Even before this pandemic, we were using telemedicine for managed care in correctional facilities. We save money because incarcerated patients don’t need to be transported to our clinic and we still provide quality care to our patients.

Other adopters, which might come as a surprise, include the elderly population. In a study by the AARP, approximately one-third of older Americans said they intend to use telemedicine in the future, and 51% of older adults said they or a family member used telemedicine during the past two years.

There are numerous benefits to using telemedicine. The obvious one is that it’s a cost-effective way to get health care because patients don’t have to travel and can save the cost associated with that. Patients don’t have to miss an entire day from work. They could save money on child care if necessary. It’s also safer for some patients who might have an early morning appointment. Some patients might drive in from New Mexico, and with the time difference, leave at 5 a.m. for an 8 a.m. appointment.

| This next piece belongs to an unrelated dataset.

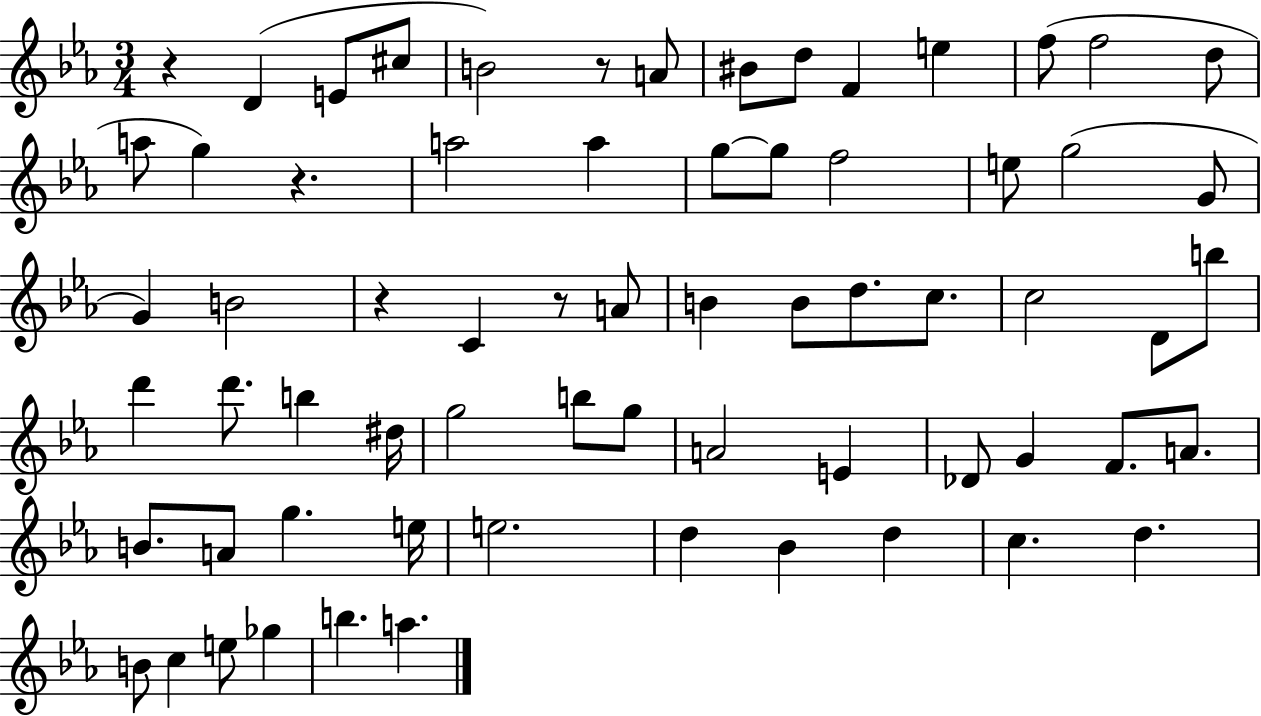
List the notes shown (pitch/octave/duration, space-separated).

R/q D4/q E4/e C#5/e B4/h R/e A4/e BIS4/e D5/e F4/q E5/q F5/e F5/h D5/e A5/e G5/q R/q. A5/h A5/q G5/e G5/e F5/h E5/e G5/h G4/e G4/q B4/h R/q C4/q R/e A4/e B4/q B4/e D5/e. C5/e. C5/h D4/e B5/e D6/q D6/e. B5/q D#5/s G5/h B5/e G5/e A4/h E4/q Db4/e G4/q F4/e. A4/e. B4/e. A4/e G5/q. E5/s E5/h. D5/q Bb4/q D5/q C5/q. D5/q. B4/e C5/q E5/e Gb5/q B5/q. A5/q.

Even though patients and providers are as comfortable using telemedicine as online banking or shopping, there are still some challenges. One is educating current health care providers. We also need to include telehealth education the curriculum for health care professions because many of us had a crash course during the pandemic. Other issues are payment and compensation for the visit and access to broadband internet.

Telemedicine is not a replacement for current health care — I want to talk to my patient and examine them — but it is a bridge to make health care more accessible.

Ariel Santos, M.D., MPH, is an acute care surgeon for Texas Tech Physicians and the director of the Texas Tech University Health Sciences Center Telemedicine Program.